My sister Elaine just called me on the phone a few minutes ago and she was crying. She was putting up her Christmas tree with all the ornaments and other items for the tree that once belonged to Loretta and it became too emotional for her. She told me that Navier her seven year old grandson saw her crying and came over to her and hugged her and said “Grandma don’t cry; you will see her again when Jesus comes.” What Navier said gave her some comfort but, she was still sad. My sister also asked me if I thought about Loretta; and I do all the time.
I learned a lot of things about my sister Loretta at her memorial service. I knew that my sister was such a giving person but, I never knew the magnitude of her giving and just how far it spread. I learned that she that she made home cooked meals during the holidays and sought out homeless people under bridges and other places throughout the city and fed them hot meals to bring them joy.

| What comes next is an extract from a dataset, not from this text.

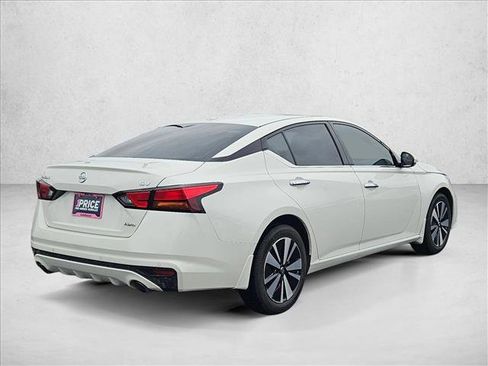 Used 2019 Nissan Altima 2.5 SV image 3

My sister always would make that call to me around the end of October or beginning of November to inquire if I had a turkey for Thanksgiving because she had one for me if I had not made my purchase yet. During Christmas she always had a gift under the tree for anyone who entered her home; even strangers.

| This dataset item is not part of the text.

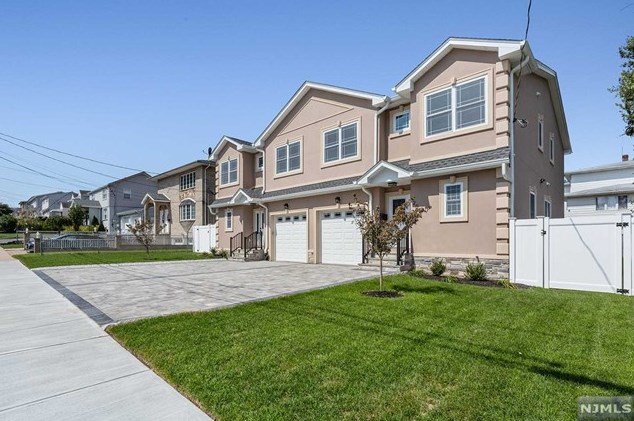 205-207 Philip Ave, Elmwood Park, NJ 07407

Her untimely passing has made me have lots of regrets. I regret that I did not spend more time with her. I took for granted that she was always a phone call away. I must admit that during the holidays, I would spend time with my husband’s family and would catch up with my family after the fact. This year, I changed that. I love my family and I decided this year that I would not spend my Thanksgiving and the Sabbath following Thanksgiving without them. We had so much fun. Every year for the past four years Mario’s family has met at Great Wolf Lodge in Sandusky for Thanksgiving and it was so nice for my family to be there. Now everyone could not attend, but it is our family goal to become part of that tradition.
On this past Sabbath after Thanksgiving, I had a big dinner for my family and we had a ball. Yes, there were moments when I reflected on my sister wishing she could be there but, everything happens for a reason. Her passing has made draw closer to my family. I have made contact with my other sisters and my mother every night since her passing. It might just be an “I am thinking of you”, a “Good Night”, I Love you” or, for Elaine and Hope, it is often just a smiley face by text. I also speak to my brother who lives in Louisiana more often. I can now admit that getting married and starting my own family made me often put my family on the back burner. Now while it was not intentional, it happened. I lost time with my family that can never be replaced and I lost a sister who I am now wishing I could still talk to. I have vowed to get closer and stay closer.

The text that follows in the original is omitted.